Beberapa benar-benar jatuh dalam ketidakberdayaan. Dalam sebuah percakapan saya mendengar selentingan kabar. Dulu ada tokoh pro Indonesia yang begitu vokal, memiliki banyak anak buah, tapi sekarang tak lebih dari seorang tua pencari kayu bakar demi menyambung hidup. Menyedihkan memang.

Realita di Atambua ini menyadarkan saya, bahwa ada orang-orang yang berharap banyak pada republik, berjuang untuk republik. Tapi ketika semua sudah lewat, Jakarta memilih untuk menyembunyikan tangan. Mungkin hanya mengintip sebentar, lantas tidak memberi perhatian. Mungkin karena mereka jauh, di Timor sana.

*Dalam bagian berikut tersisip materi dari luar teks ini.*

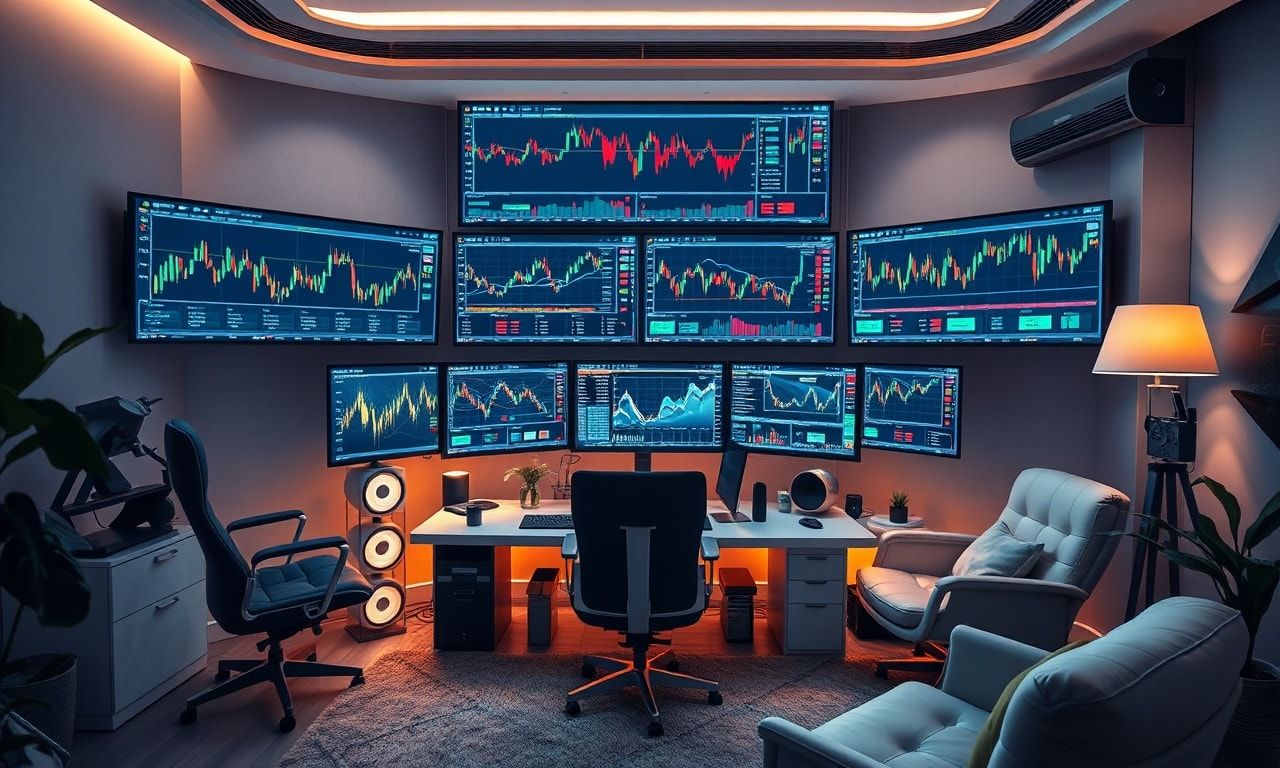 自動売買で生活するイメージ画像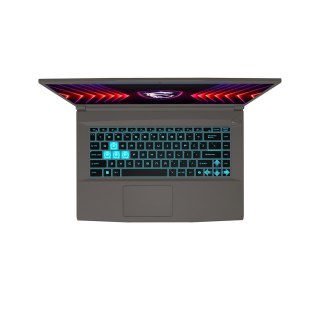 Laptop MSI Thin 15 B12UC-2013NL Intel® Core™ i5 i5-12450H 39,6 cm (15.6") Full HD 16GB DDR4-SDRAM 512GB SSD NVIDIA GeForce RTX 3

Melintas Garis Batas Selatan

Dari Atambua saya menuju Metamauk, batas paling selatan antara Indonesia dan Timor Leste di Pulau Timor. Bis kembali menggerayangi jalanan penuh batu. Saya tak mau termakan dengan bertanya jarak pada orang lokal, bisa jadi jawabannya normatif seperti jawaban Edward kemarin, jawaban untuk menerangkan bahwa jarak yang ditempuh sangat jauh dan butuh waktu lama.

Untuk menuju Metamauk saya harus melewati Betun, ibukota dari kabupaten yang baru saja lahir, Melaka, Kabupaten baru hasil pemekaran di Pulau Timor. Sebenarnya ada dua rute menuju Metamauk, namun malang karena malam sebelumnya hujan, jalur utama menuju Betun putus total. Jadilah saya harus memutar, melewati punggungan bukit yang jaraknya lebih jauh, sampai Metamauk kelak saya harus menempuh sekitar delapan puluh kilometer.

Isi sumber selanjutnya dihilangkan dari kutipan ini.